--- Dataset excerpt ---

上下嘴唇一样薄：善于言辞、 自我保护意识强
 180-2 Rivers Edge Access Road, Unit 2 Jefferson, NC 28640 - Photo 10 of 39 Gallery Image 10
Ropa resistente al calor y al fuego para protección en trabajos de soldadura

---

[Task] Using the listing above, reproduce each line without omission.

[Response to the task]
上下嘴唇一样薄：善于言辞、 自我保护意识强
 180-2 Rivers Edge Access Road, Unit 2 Jefferson, NC 28640 - Photo 10 of 39 Gallery Image 10
Ropa resistente al calor y al fuego para protección en trabajos de soldadura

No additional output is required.